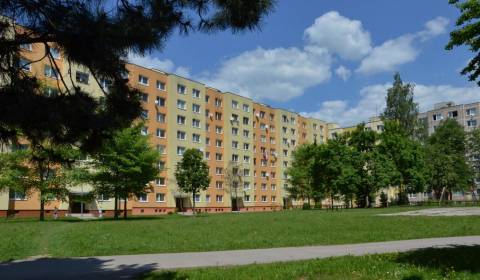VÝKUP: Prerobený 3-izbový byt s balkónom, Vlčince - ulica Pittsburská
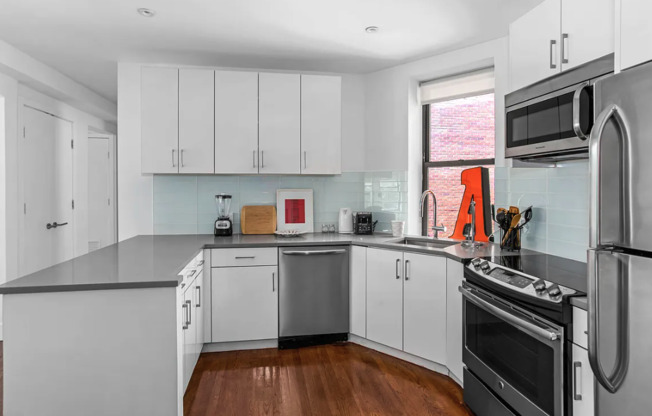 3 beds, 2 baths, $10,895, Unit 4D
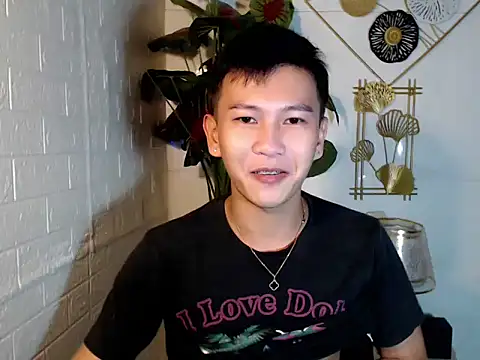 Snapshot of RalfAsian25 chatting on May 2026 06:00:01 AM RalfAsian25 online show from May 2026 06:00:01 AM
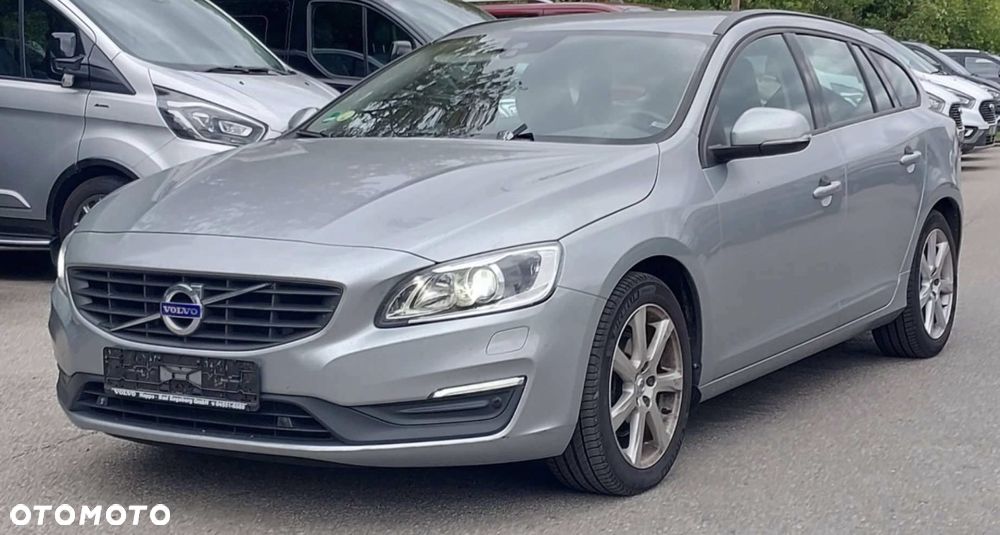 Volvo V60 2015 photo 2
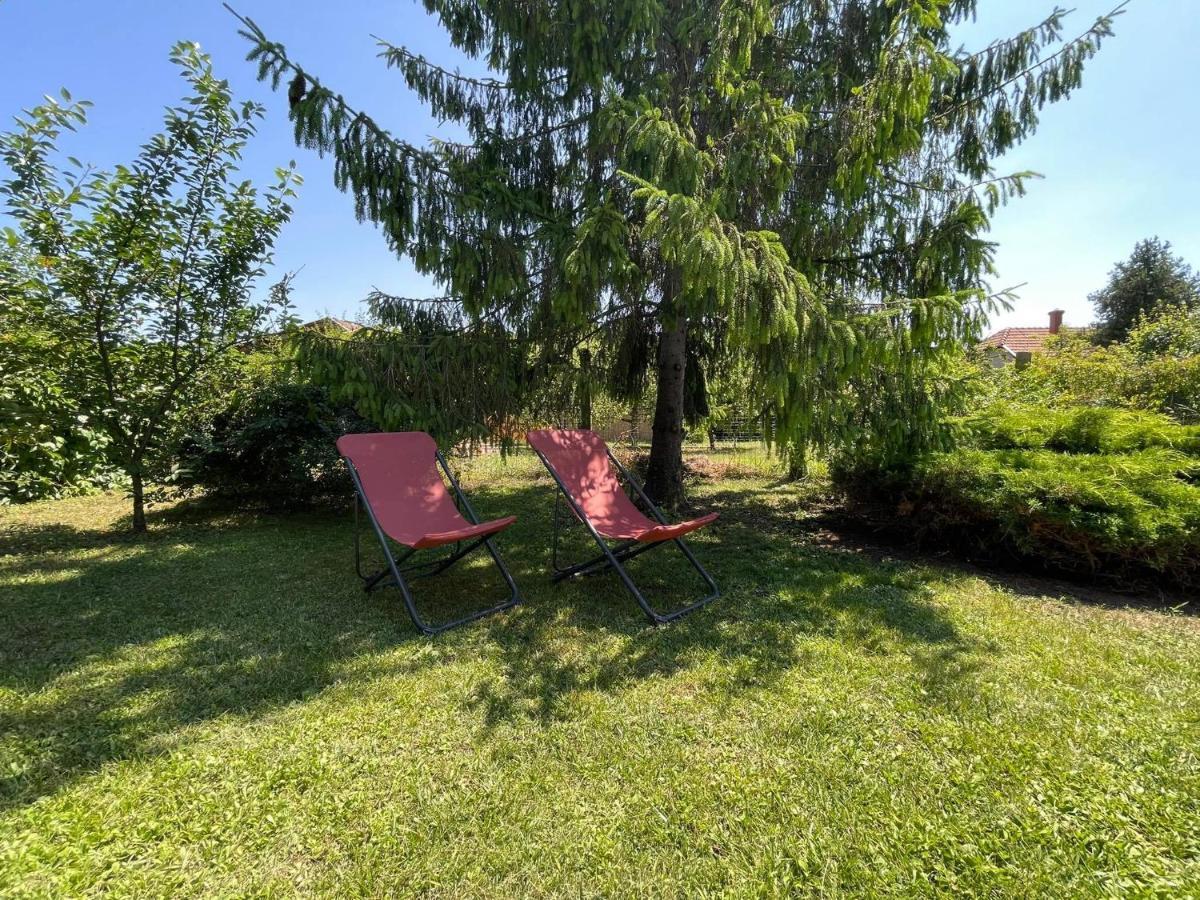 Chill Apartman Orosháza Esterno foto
------------------------------------
◆ **GOAL OF THE EXERCISE**
All lines from the one holding "Volvo V60 2015 photo 2" to the end of the listing above need to be duplicated exactly. None of the pictures should be included.

◆ **RESPONSE FOR THIS EXERCISE**
 Volvo V60 2015 photo 2
 Chill Apartman Orosháza Esterno foto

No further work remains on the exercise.